Gunsan (), also romanized as Kunsan, is a city in North Jeolla Province, South Korea. It is on the south bank of the Geum River just upstream from its exit into the Yellow Sea. It has emerged as a high-tech manufacturing industrial city and an international trade seaport that is approximately  southwest of Seoul on the midwest coast of the Korean Peninsula.

Kunsan Air Base operated by the United States Air Force is in the city. To encourage investment, a free trade zone has been declared in the area.

Notable residents of Gunsan include actress Lee Eun-ju, comedian Park Myeong-su, and Teen Top member L.Joe.

History

Gunsan was a small fishing village on the banks of the Geum River, near where the river spills into the Yellow Sea. It sits on the fertile western Honam plain where much rice is harvested. Gunsan became a port in the late 19th century largely due to pressure from the Japanese on the Koreans to ship rice to Japan. In 1899, Gunsan Port officially opened up to international trade. Gunsan City was largely settled by Japanese during the period of the Japanese occupation. The old (now demolished) City Hall and the Customs House are of Japanese construction. After liberation from the Japanese in 1945, Gunsan began to grow slowly.

The Korean War of the 1950s left the Gunsan area relatively unscathed. The initial drive south by the Communist North Koreans pushed the United Nations and South Korean forces toward Busan so quickly that Gunsan was spared from protracted fighting.

Nevertheless, a battalion of Korean Marines, entrenched in the hills above Gunsan Port, withheld overwhelming communist forces. Their bravery created extra time for the evacuation of the town and port. The action is commemorated with a monument on the ridgeline where the heaviest fighting occurred. ()

The drive north by the United Nations forces occurred so rapidly that there was little direct confrontation in the area. After the cessation of hostilities, the United States Air Force occupied nearby Kunsan Air Base, which has affected Gunsan City.

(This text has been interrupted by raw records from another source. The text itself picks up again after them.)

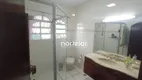 Foto 20 de Casa com 2 Quartos à venda, 115m² em Vila Dos Remedios, São Paulo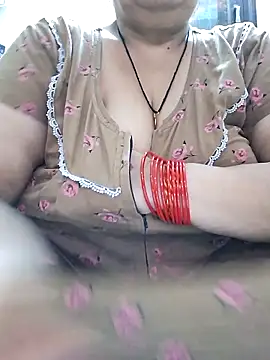 Kavya XX online show from 10.04.25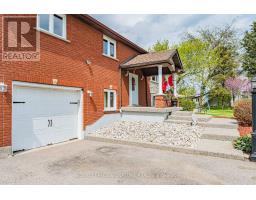 781 Concession Road 2, Haldimand, ON N0A1R0 Photo 29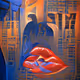 The Kisss
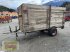 Viehanhänger tip Sonstige 3,60 x 1,55 m, Gebrauchtmaschine in Kötschach (Poză 7)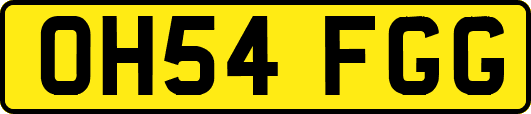 OH54FGG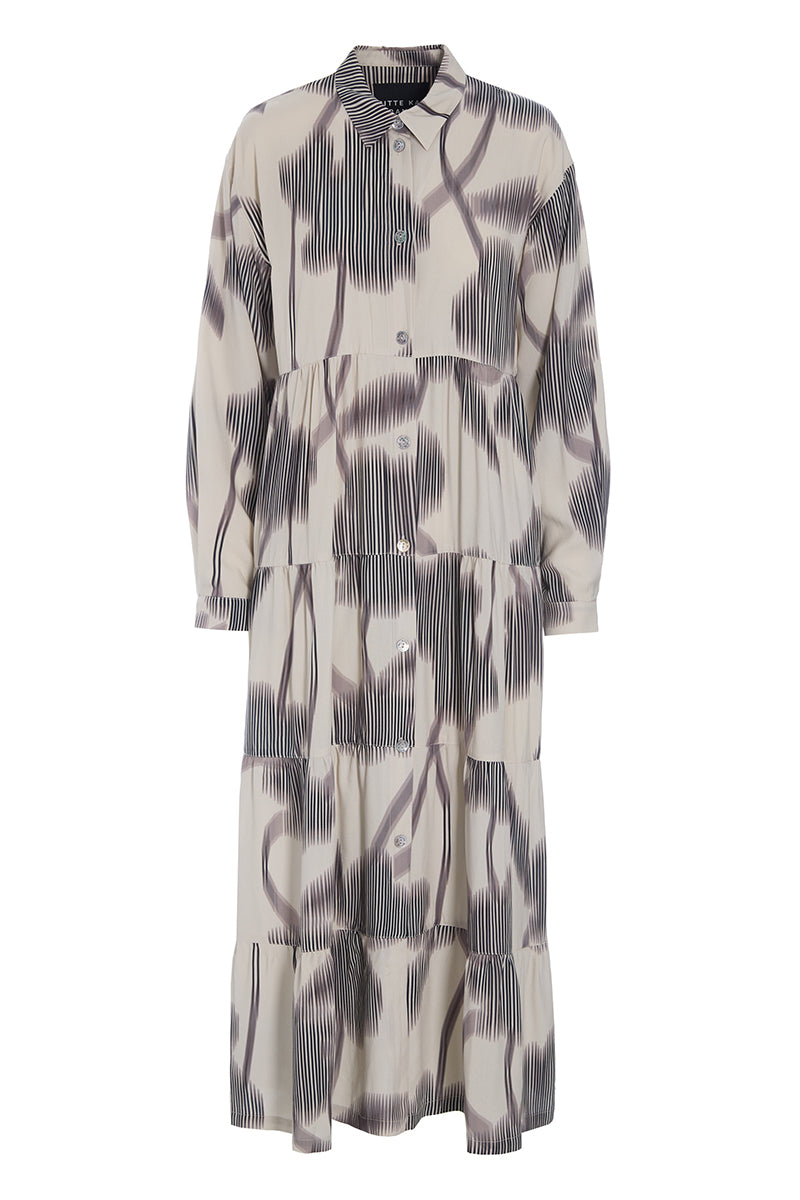 Haru fsc dress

Kunsan Air Base was originally constructed, under Japanese direction, by reclaiming mudflats starting in around 1923. Kunsan Air Base has hosted a variety of USAF combat aircraft. The proximity of US service members to Gunsan City has provided some economic growth to Gunsan City, but the base's influence has waned since the 1990s as a result of a more powerful and diversified Korean economy. The downtown shopping districts that catered to US troops have transformed into areas that are indistinguishable from surrounding areas that serve Korean shoppers. Only a few remaining stores hint at the area's previous manifestation as an American shopping district. The small Okku-Silver Town (or more popularly America Town) caters to US troops. About  from the main gate of Kunsan Air Base, America Town hosts bars, dance clubs, restaurants, and souvenir shops.

Economy
Today, Gunsan's economy thrives on fishing, agriculture and heavy industry west of the city in the reclaimed area known as the Industrial Zone. GM Korea operated a factory here that assembled the Chevrolet Aveo worldwide and as the Holden Barina in Australia and New Zealand until 2018. Near the port, the Tata Daewoo Commercial Vehicle factory produces Daewoo trucks for the domestic and export markets. In the domestic market vehicles are sold under Daewoo brand; the Tata brand name is used for export due to the dilution of the Daewoo brand.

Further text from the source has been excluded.